------ Information shown ------

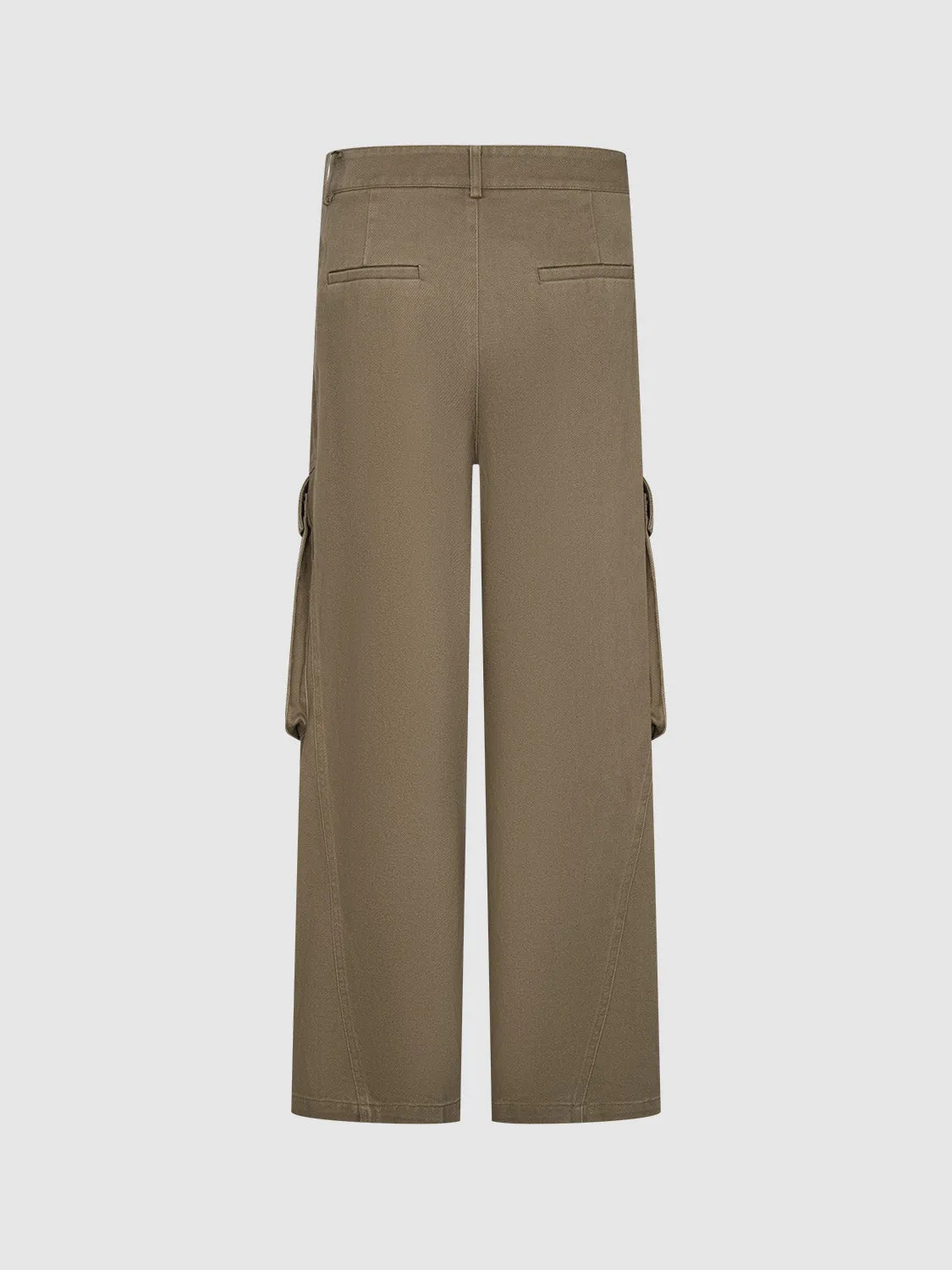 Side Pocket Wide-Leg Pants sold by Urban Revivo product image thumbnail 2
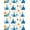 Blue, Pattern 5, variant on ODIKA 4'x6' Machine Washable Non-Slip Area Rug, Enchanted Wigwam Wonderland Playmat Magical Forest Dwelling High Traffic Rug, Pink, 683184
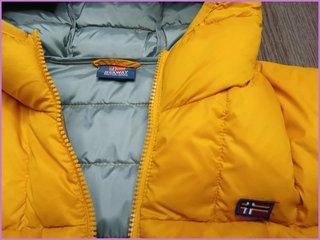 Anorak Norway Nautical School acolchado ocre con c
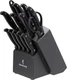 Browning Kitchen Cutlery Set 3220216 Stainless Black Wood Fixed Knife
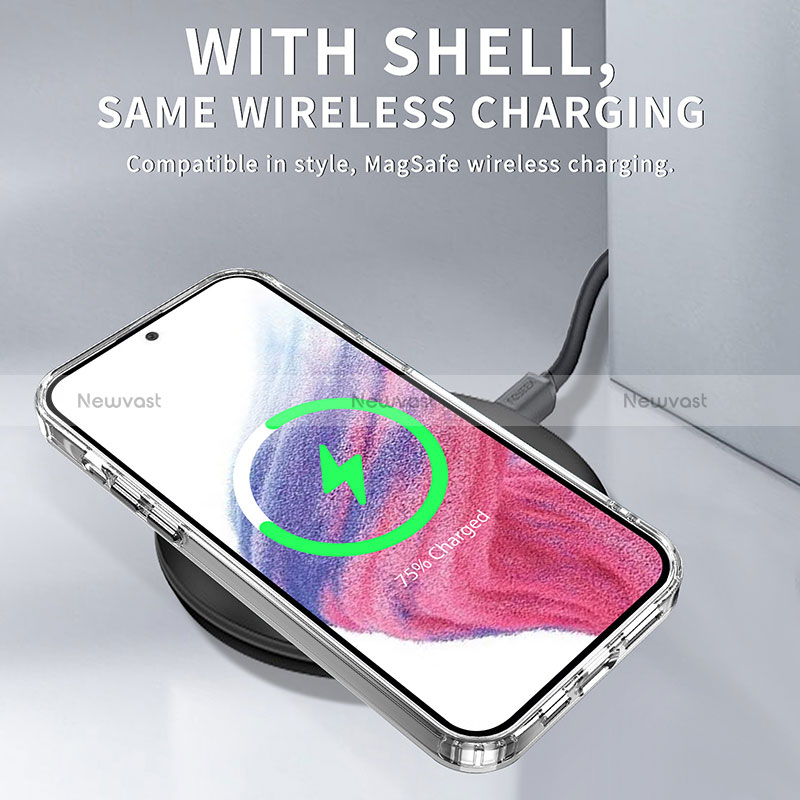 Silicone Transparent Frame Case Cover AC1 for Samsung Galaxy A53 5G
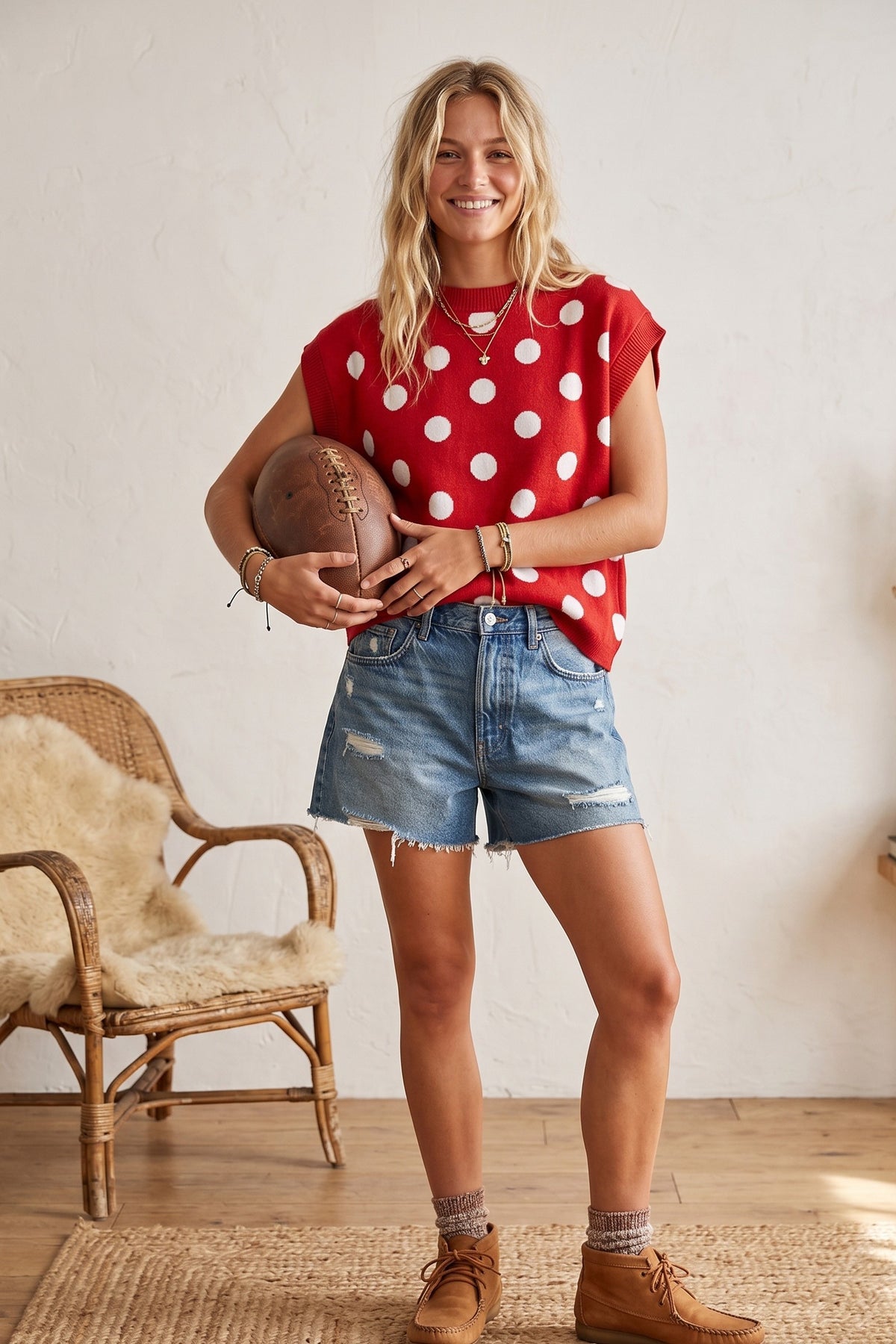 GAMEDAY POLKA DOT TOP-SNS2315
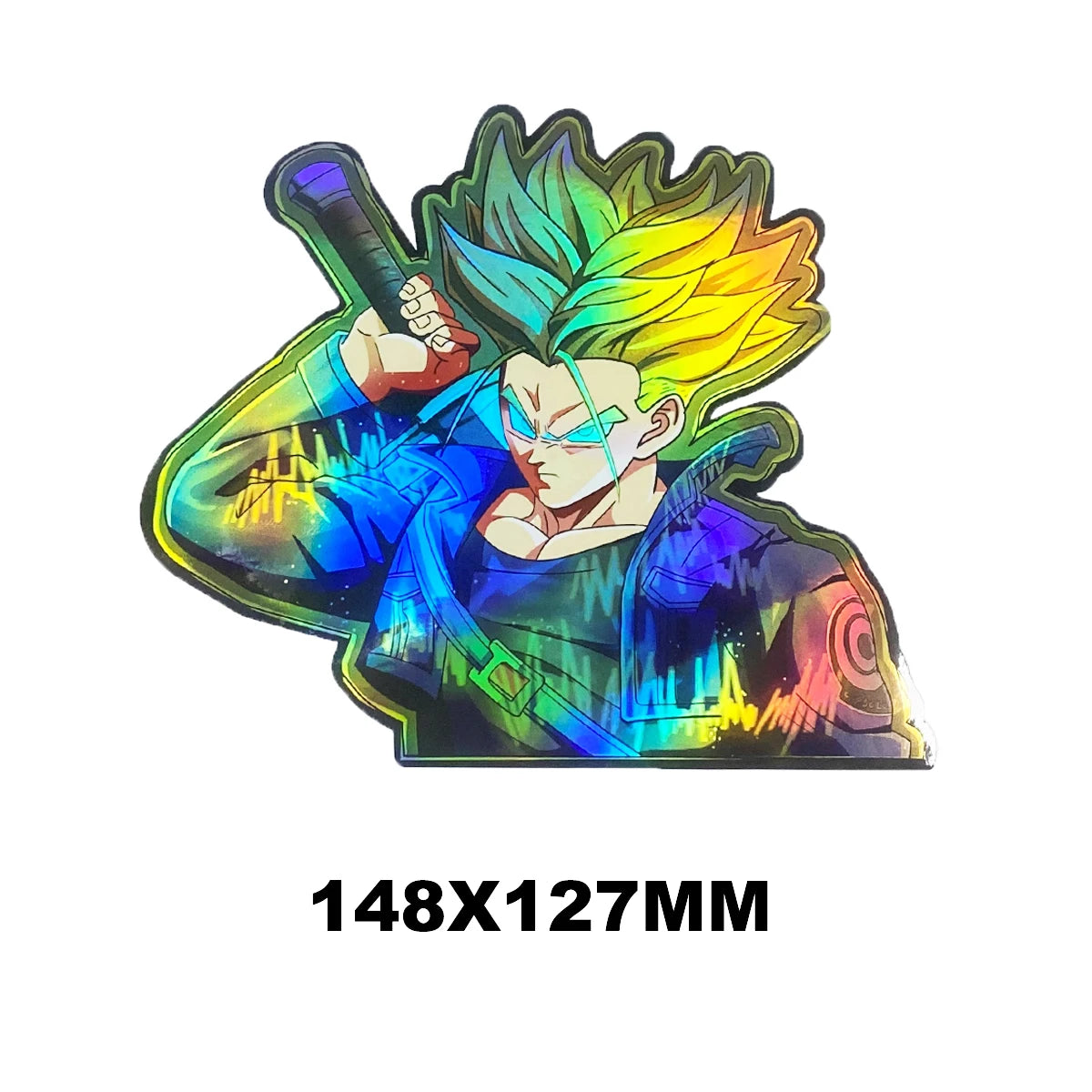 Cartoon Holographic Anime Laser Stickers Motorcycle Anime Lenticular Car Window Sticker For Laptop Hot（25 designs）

------

Copy the entries exactly. No pictures.

Answer box:
 Side Pocket Wide-Leg Pants sold by Urban Revivo product image thumbnail 2
 Blue, Pattern 5, variant on ODIKA 4'x6' Machine Washable Non-Slip Area Rug, Enchanted Wigwam Wonderland Playmat Magical Forest Dwelling High Traffic Rug, Pink, 683184
 Anorak Norway Nautical School acolchado ocre con c
 Browning Kitchen Cutlery Set 3220216 Stainless Black Wood Fixed Knife
 Silicone Transparent Frame Case Cover AC1 for Samsung Galaxy A53 5G
 GAMEDAY POLKA DOT TOP-SNS2315
 Cartoon Holographic Anime Laser Stickers Motorcycle Anime Lenticular Car Window Sticker For Laptop Hot（25 designs）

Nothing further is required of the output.